Mais où le Concile dit-il que « tous les baptisés célèbrent avec lui », avec l'officiant ? Il le dit dans les articles 10 et 11 de Lumen gentium et d'une manière plus claire encore dans l'art. 48 de Sacrosanctum Concilium, la constitution sur la liturgie, citant avec une modification significative le passage de Mediator Dei. SC 48 dit ainsi : « ...offrant la victime sans tache, non seulement entre les mains du prêtre, mais qu'avec lui, ils apprennent à s'offrir, etc. [sed etiam una cum ipso offerentes] ». Mediator Dei disait en fait : « ...ils offrent le sacrifice non seulement par les mains du prêtre mais, d'une certaine manière, aussi avec lui [sed etiam una cum quodammodo Sacrificium offerunt] etc. » Le passage semble identique mais en supprimant l'adverbe « d'une certaine manière », il change de sens. En effet, selon la doctrine habituelle, l'offrande eucharistique des fidèles peut avoir lieu una cum, « ensemble » avec celle du prêtre mais seulement « d'une certaine manière » ensemble, car eux, n'étant pas prêtres et n'ayant donc pas le pouvoir de consacrer les saintes espèces, ils n'offrent que « en désir », in voto, spirituellement et symboliquement - ils offrent leurs vœux d'expiation, d'impétration, d'action de grâce, de louange. L'adverbe « d'une certaine manière » (quodammodo) a d’ailleurs été expliqué plus loin dans Mediator Dei, qui illustre précisément dans quel sens précis l'offrande des fidèles ne doit être comprise que comme « sous forme de vœu ». Au lieu de cela, le Concile a abandonné, outre l'adverbe, toutes les explications très claires de Pie XII sur le caractère purement spirituel et non sacramentel de l'offrande eucharistique des fidèles.

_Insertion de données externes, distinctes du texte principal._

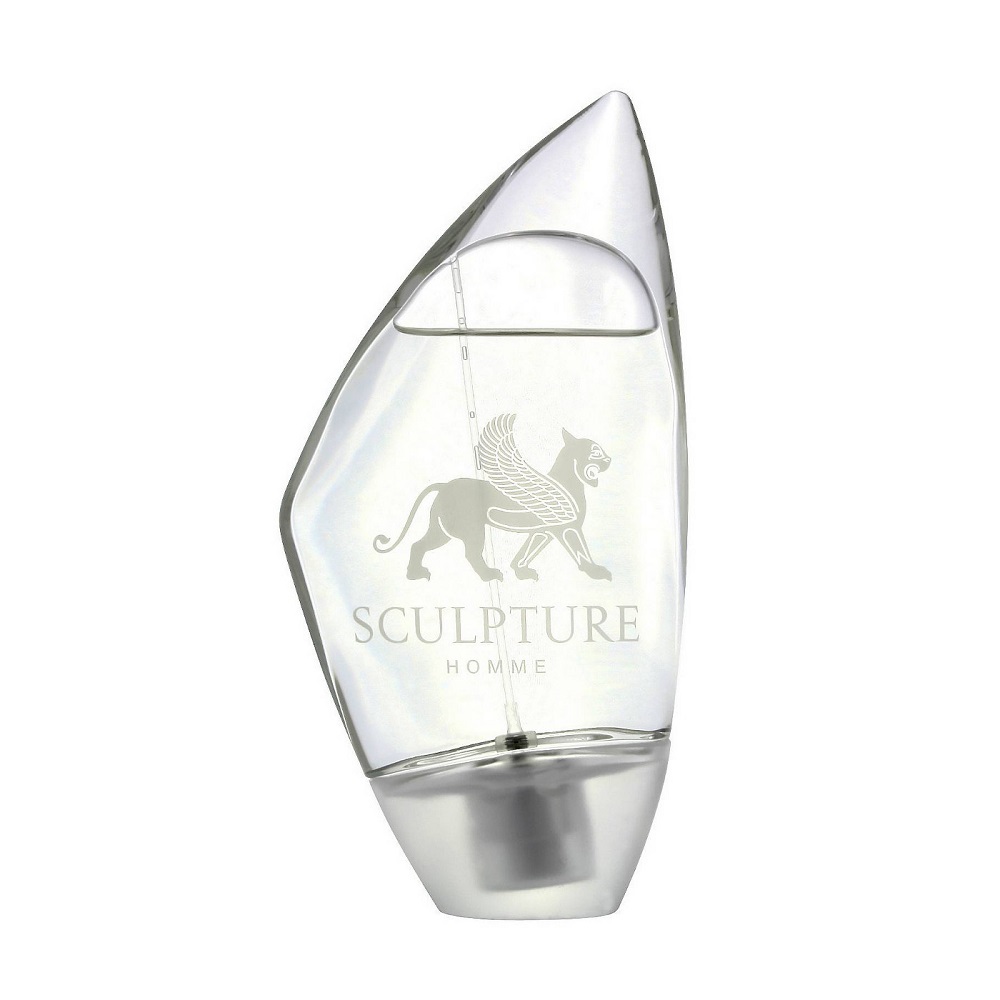 Nikos Sculpture toaletná voda pánska 100 ml tester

La variation doctrinale avait déjà pénétré le magistère officiel de l'Église avant la fin du Concile. Quelques mois avant sa fermeture, Paul VI, confronté à un désordre liturgique général croissant et aux interprétations hérétiques du sens de la transsubstantiation qui commençaient à circuler (le célèbre théologien belge Edward Schillebeecks, adepte de la phénoménologie, ne tarit pas d'éloges sur la « transsignification », réduisant le changement à un changement de sens), il dut promulguer l'encyclique Mysterium fidei, du 3 septembre 1965, consacrée à la doctrine et au culte de la Sainte Eucharistie. Dans l'incipit de celle-ci, il écrit : « En effet, les Pères du Concile [Vatican II], s'occupant de la restauration de la Sainte Liturgie [de instauranda Sacra Liturgia agentes], dans leur souci de l'Église universelle, n’avaient rien de plus à cœur que d'exhorter les fidèles à participer activement, avec une foi totale et une piété suprême, à la célébration de ce Sacro-saint Mystère, en l'offrant avec le prêtre [una cum sacerdote offerrent] en sacrifice à Dieu pour leur propre salut et que du monde entier et s'en nourrir comme nourriture spirituelle » (Paul VI, Mysterium fidei, Vatican.va, p. 1/23).
Grâce au Concile, ce qui était pour Mediator Dei de Pie XII une « erreur spécieuse », était devenue de manière incroyable une doctrine officielle de l'Église : une fausse doctrine réitérée aujourd'hui par le cardinal Roche, qui prétend penser et agir à l'unisson avec le pape François.